市販品が見当たらず、価格情報はこちらのニュースを参考に。
【PC Watch】 インテル、PCIe x8接続で最大リード2GB/secのSSD
http://pc.watch.impress.co.jp/docs/news/20120413_526213.html
800GBは約32万円。単に容量がでかいだけでは無く、タイトルの通り最大読込速度は2GB/秒、記事本文には書込1GB/秒と記載有り、ケタ違いな性能。
もちろん最大なのでそこまで出るとは思えないけれど、性能以外の特長は耐久性で、一般的なSSDの約30倍と書かれております。これも可能性なので、故障する時は壊れるけれど。
SSD1としているRAID(レイド)0とはストライピングという方式で、2台のストレージを1台に見せかけて高速化する技術。ドラゴンボールでいうとフュージョンのような。意味不明失礼。
というわけで、CPUが約4万円強、グラボが8万円くらい、SSDが3台で34万円程度。なぜ70万円もするかは、大量生産出来ず価格が乗っているのでしょう。

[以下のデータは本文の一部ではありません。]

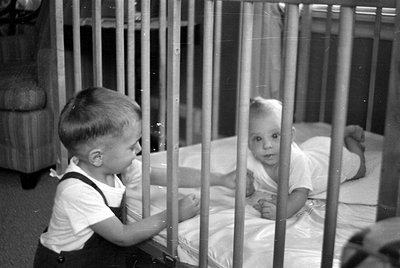 A black and white photograph showing a young child standing outside a wooden crib, looking toward an infant lying inside. The...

量産系BTOメーカーのPCが安い理由に反しているわけですな。これなら自作PCの方が数十万安くなるけれど、インテル910が手に入らないというか普通要らないと思う。
何でもQuadroや高速大容量SSDが必要でも無い
似たようなタイミングでドスパラからもイラストレーター向けの新製品。
【PC Watch】 ドスパラ、イラストレーター向けのノートPC
http://pc.watch.impress.co.jp/docs/news/20121130_576447.html
ポイントは、マウスコンピューターの新製品はクリエイター向け。ドスパラのこのノートはイラストレーター向けという違い。
マウスの高級PCはクリエイター向けとして何でも出来るレベルになっており、主にOpen GLが必要な3D処理を使う人用。ドスパラのノートは、イラストという紙(平面、2D)デザイン用。
ドスパラのノートの仕様も主なものだけ一覧。
- OS:Windows7 Professional
- CPU:Core i7-3630QM(2.4GHz、ビデオ機能内蔵)
- メモリ:16GB
- マザー:Intel HM76 Expressチップセット
- GPU:GeForce GT 640M(1GB、Optimus対応)
- SSD:Intel SSD 335シリーズ240GB
- DVD:スーパーマルチドライブ
- 特典:ちほさん描きおろしの壁紙プリインストール
高性能では有るものの、最上位に近いとは言えない構成。
ノートなのでCPU性能には限度が有り、メモリもスロットの少なさから控えめ、とりあえずで付けたようなビデオカード、最近安くなり私も購入したレベルの無難なSSD。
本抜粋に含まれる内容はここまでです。